Your answer should be the exact lines of the data below from the one containing "Vue imprenable sur" through the one containing "67 hughes Cres, Ajax, L1T 3P8 | Image 3"; please include nothing else.

Crawled caption data
+---+
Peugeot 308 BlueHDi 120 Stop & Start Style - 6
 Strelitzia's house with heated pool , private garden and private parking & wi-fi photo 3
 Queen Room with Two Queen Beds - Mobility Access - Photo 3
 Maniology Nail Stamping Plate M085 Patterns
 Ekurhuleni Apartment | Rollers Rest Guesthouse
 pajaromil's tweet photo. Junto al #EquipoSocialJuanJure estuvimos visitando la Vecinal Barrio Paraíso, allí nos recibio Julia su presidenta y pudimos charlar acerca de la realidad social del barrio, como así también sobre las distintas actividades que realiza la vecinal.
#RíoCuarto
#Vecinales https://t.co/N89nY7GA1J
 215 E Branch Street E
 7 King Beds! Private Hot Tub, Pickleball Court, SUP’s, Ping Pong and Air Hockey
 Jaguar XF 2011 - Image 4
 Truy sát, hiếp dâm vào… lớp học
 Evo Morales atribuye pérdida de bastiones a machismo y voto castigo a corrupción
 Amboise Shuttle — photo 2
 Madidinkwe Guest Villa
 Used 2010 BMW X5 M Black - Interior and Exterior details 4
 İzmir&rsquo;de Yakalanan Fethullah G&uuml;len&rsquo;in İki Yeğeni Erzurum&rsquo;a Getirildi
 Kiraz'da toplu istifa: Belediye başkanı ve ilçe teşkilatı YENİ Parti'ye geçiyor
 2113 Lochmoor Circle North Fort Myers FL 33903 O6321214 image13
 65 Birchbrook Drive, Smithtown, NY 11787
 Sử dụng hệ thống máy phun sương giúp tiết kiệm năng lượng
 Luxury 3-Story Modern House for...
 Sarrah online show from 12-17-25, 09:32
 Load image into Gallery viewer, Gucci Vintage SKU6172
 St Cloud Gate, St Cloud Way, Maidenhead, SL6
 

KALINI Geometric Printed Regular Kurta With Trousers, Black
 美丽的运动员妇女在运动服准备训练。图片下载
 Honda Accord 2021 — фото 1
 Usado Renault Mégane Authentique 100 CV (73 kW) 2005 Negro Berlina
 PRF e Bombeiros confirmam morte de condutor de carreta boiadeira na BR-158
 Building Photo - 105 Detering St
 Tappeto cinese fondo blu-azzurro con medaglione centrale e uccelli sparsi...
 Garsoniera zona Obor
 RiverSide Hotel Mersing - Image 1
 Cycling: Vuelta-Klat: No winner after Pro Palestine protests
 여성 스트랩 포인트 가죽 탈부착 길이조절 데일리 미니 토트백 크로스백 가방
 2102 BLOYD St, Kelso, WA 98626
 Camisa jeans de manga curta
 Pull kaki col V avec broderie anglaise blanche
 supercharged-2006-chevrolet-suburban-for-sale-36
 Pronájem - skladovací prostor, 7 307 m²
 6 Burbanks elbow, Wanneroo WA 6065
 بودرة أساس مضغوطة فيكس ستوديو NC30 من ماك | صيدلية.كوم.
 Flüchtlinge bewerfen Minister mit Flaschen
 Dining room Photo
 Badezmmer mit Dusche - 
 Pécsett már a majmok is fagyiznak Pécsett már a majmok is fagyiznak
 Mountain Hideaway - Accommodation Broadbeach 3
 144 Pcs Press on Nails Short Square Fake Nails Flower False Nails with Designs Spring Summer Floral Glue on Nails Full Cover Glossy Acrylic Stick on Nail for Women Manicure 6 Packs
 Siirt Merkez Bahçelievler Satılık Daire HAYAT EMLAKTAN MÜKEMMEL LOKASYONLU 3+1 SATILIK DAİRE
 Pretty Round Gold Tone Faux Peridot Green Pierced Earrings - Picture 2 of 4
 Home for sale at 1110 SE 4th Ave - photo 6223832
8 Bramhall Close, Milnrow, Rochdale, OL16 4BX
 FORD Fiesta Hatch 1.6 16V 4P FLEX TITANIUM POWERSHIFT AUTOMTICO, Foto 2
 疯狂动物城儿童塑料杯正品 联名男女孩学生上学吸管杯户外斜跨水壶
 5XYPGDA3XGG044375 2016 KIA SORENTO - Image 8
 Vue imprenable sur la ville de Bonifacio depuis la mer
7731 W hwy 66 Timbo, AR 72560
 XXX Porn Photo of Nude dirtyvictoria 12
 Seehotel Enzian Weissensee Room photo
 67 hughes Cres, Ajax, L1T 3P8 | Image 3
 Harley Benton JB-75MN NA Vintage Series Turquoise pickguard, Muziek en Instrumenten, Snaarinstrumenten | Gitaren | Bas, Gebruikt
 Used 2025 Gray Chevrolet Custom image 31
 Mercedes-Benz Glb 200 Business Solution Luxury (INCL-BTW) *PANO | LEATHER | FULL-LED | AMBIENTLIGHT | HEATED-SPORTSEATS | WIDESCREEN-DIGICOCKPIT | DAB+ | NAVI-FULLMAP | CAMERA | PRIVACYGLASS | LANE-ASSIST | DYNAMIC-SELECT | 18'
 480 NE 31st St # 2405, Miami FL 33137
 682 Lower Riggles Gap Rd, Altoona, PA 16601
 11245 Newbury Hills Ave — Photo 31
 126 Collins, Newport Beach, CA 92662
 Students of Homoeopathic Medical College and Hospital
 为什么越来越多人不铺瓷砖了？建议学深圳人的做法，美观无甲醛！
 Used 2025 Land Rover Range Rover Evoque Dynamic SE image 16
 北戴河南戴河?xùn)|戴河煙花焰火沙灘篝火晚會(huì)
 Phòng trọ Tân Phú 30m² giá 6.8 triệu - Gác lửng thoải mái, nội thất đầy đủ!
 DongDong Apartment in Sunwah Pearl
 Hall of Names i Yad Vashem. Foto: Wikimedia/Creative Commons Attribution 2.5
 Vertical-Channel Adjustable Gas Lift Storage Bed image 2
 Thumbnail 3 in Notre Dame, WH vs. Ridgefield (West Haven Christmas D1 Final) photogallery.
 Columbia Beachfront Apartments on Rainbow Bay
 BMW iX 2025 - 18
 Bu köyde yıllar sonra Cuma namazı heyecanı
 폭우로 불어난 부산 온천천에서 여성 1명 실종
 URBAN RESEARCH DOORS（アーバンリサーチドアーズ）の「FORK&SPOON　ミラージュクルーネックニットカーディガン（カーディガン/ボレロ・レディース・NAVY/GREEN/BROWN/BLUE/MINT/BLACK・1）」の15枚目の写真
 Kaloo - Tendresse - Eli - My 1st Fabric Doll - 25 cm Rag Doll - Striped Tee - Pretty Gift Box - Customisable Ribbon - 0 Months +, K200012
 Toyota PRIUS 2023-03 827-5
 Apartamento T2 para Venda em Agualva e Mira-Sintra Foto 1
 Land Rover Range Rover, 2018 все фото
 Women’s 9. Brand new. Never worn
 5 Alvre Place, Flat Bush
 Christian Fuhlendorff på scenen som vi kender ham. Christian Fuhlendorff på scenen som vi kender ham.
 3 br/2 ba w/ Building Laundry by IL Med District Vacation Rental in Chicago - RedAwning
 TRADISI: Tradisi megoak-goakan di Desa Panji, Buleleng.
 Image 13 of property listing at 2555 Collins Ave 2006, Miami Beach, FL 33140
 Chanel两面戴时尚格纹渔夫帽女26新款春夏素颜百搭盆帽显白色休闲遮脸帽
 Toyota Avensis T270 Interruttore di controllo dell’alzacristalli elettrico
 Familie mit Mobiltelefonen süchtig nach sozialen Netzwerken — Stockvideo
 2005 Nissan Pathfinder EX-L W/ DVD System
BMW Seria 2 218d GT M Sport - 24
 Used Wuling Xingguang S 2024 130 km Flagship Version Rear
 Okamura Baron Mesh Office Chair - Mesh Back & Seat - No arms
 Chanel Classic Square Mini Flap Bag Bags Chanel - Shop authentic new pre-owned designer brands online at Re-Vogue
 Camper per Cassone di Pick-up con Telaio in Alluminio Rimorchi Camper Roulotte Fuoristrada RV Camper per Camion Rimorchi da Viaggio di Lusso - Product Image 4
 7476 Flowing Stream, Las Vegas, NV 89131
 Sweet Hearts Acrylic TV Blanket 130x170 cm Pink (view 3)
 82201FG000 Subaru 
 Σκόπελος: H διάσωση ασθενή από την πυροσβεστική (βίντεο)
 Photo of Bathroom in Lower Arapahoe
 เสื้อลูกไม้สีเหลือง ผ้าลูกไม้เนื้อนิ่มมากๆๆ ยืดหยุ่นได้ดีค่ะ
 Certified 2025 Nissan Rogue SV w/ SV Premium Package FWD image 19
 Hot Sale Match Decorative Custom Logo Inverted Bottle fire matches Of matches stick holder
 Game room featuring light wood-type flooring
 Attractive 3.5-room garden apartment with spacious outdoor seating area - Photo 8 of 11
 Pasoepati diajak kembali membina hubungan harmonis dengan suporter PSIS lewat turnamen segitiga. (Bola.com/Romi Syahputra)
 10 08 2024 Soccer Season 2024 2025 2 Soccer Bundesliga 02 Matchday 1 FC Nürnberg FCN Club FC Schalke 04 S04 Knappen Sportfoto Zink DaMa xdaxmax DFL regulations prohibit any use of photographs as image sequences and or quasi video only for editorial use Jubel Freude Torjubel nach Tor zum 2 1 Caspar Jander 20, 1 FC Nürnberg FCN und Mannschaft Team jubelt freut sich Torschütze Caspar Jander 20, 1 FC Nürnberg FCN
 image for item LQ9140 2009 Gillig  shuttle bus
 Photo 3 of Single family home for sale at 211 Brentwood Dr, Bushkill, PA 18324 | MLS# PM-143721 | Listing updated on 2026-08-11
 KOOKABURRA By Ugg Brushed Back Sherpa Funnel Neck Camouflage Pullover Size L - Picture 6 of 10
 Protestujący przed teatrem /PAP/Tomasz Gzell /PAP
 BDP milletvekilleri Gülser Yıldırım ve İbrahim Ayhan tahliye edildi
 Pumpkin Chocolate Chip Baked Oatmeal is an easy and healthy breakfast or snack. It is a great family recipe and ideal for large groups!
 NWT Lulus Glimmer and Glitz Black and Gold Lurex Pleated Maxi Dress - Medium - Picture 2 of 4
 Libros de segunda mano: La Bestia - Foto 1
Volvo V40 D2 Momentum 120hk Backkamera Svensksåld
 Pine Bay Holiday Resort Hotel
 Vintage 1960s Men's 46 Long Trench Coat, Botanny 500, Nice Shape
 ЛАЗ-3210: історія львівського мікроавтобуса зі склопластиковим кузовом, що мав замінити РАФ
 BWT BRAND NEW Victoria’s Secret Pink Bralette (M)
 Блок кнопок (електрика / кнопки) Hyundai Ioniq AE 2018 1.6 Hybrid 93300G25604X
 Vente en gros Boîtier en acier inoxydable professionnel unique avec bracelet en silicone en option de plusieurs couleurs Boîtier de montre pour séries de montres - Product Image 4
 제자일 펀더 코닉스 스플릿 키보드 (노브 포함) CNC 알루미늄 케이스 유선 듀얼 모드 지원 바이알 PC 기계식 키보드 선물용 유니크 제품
+---+
- **Result for this exercise**
 Vue imprenable sur la ville de Bonifacio depuis la mer
7731 W hwy 66 Timbo, AR 72560
 XXX Porn Photo of Nude dirtyvictoria 12
 Seehotel Enzian Weissensee Room photo
 67 hughes Cres, Ajax, L1T 3P8 | Image 3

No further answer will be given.